Max Bialystock is described as selfish, arrogant, fiery, impatient, sardonic, mischievous, witty, cultured, fun, bullying, logical, charismatic, intimidating, popular and fast-talking - a man who is only interested in making quick money. Though this is later proven untrue, Max's forceful and loud nature can be quite frightful and bullying. Apparently without scruples, he is willing to do anything to make money (including "shtupping every little old lady in New York") and is often motivated, duplicitous and unwilling to cooperate diplomatically.  His name is taken from the Polish city of Białystok.

Leo Bloom
Leopold "Leo" Bloom is a timid, nervous, shy and mild-mannered accountant, prone to panic attacks and who keeps a fragment of his childhood blue blanket in his pocket to calm himself. Towards the end of the film, when Leo tries to turn himself in and use his accountant books as evidence, Max stops Leo on the way out the door and steals Leo's books, causing Leo to lose his temper and attack Max in a fit of rage, demanding the books back and repeatedly calling him "fat fatty." Nevertheless, it is Leo who first comes up with the idea of how to make money from a failed play.

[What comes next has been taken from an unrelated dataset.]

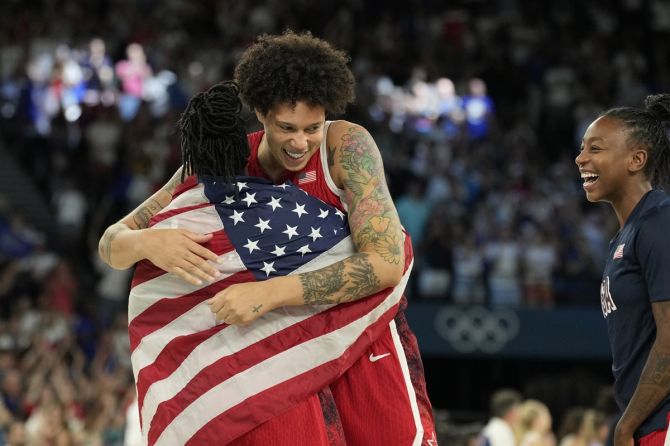 Brittney Griner (15) celebrates with Chelsea Gray (8) after the United States defeat France in the women's gold medal match at the Paris Olympics on Sunday.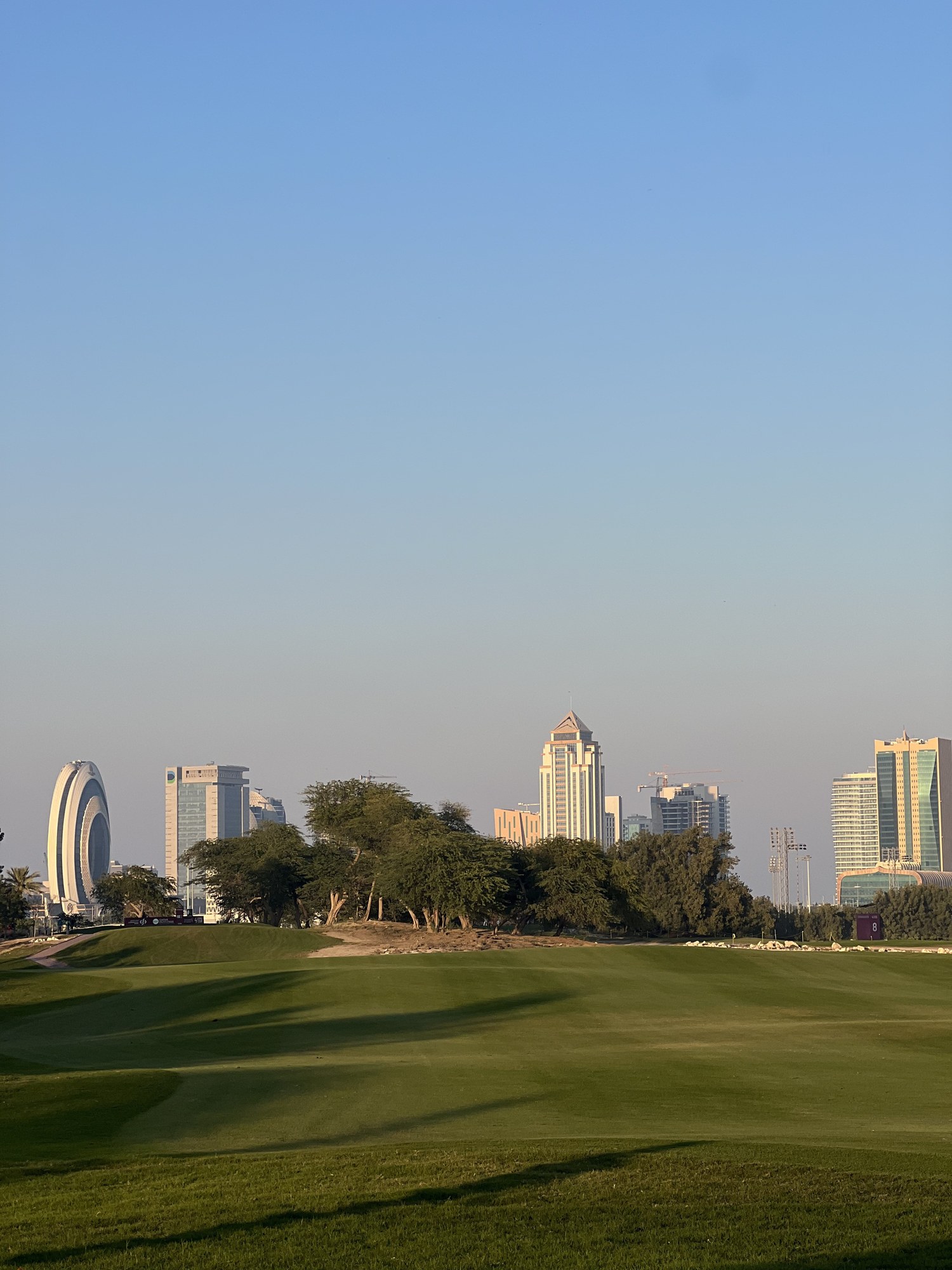 The Doha skyline beyond the course, Qatar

The character is named after the protagonist in James Joyce's Ulysses, Leopold Bloom. Wilder's costar Zero Mostel had portrayed Joyce's Bloom on stage in the play Ulysses in Nighttown.

Ulla Inga Hansen Benson Yansen Tallen Hallen Svaden Swanson Bloom

Ulla Inga Hansen Benson Yansen Tallen Hallen Svaden Swansson (Later Bloom) is a pretty young Swedish woman who becomes Max's secretary.  In the original 1967 film, Ulla is introduced as a "toy" that Max found in the local library, and is a symbol of his newfound affluence. She can speak little English, but is a good go-go dancer, indeed she can dance far better than she can type. She also constantly says "God dag på dig", which means "good day to you" in Swedish (with a faux-Swedish accent), and provides a sexier counterpoint to Max's much older girlfriends.

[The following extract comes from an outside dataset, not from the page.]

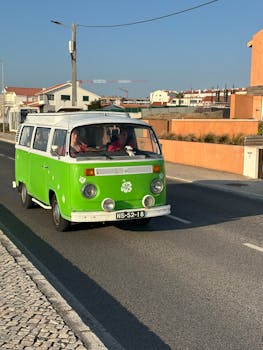 A classic green Volkswagen camper van driving down a sunny street in a suburban neighborhood.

In the film adapted from the musical, Ulla introduces herself as a Swedish actress looking for a part in Max and Leo's  production Springtime for Hitler. She is a stereotypical Swedish woman: tall and beautiful with lovely blonde hair. She performs a song she wrote called "When You Got It, Flaunt It". She decided to audition when a "crazy man" (Max) yelled at her the previous day. While the casting isn't to start for quite a while, Max and Leo hire her as their secretary/receptionist. Following the unwanted success of the musical, she and Leo flee to Rio de Janeiro where they marry. Her maiden name is never mentioned, but by the end of the play she is Ulla Inga Hansen Benson Yansen Tallen Hallen Svaden Swanson Bloom.

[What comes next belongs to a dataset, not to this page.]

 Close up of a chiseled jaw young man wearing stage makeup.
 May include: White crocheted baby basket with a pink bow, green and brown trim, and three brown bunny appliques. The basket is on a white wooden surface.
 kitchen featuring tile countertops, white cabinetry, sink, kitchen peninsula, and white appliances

Earlier, Max and Leo ask her to clean up their place while they're gone, but she doesn't understand English very well, and after they leave, she paints Max's office entirely white. Little of her role in the Springtime for Hitler play is shown, but she plays a showgirl representing the German Imperial Eagle and later appears as Marlene Dietrich. In Max and Leo's second production, Prisoners of Love, she plays the lead prisoner/singer.

Roger De Bris

Roger Elizabeth De Bris is a flamboyant, overtly gay theatre director, described by Max Bialystock as the worst director to have ever lived, and is chosen by Bialystock in an attempt to ensure that Springtime for Hitler would flop.  He lives with his equally flamboyant partner Carmen Ghia and his production crew in a house described as an Upper East Side town house in New York.  While the musical and the 2005 film clarify his sexuality, it is only implied in the original film.  "Roger", of course, is an obvious euphemism for intercourse, and a "bris" is the Jewish circumcision ceremony, whilst the surname is also a pun on the word "debris".

Carmen Ghia

Carmen Ghia is the partner of Roger De Bris. He is played by Andreas Voutsinas in the 1967 film. In the 2001 Broadway show The Producers and the 2005 musical film The Producers he is played by Roger Bart.

The character is named after the Karmann Ghia, marketed from 1955 to 1974 by Volkswagen. Carmen Ghia is Roger De Bris' "common-law assistant". They are both flamboyantly gay and they love to flounce around their Upper East Side town house.

Voutsinas was a friend of Brooks' wife Anne Bancroft, who performed with him at The Actors Studio. She recommended him for the role of Carmen Ghia feeling his natural Greek accent would contribute to the role's comedy. According to Voutsinas, who did Ghia's own make-up, Brooks instructed him to "look like Rasputin and behave like Marilyn Monroe".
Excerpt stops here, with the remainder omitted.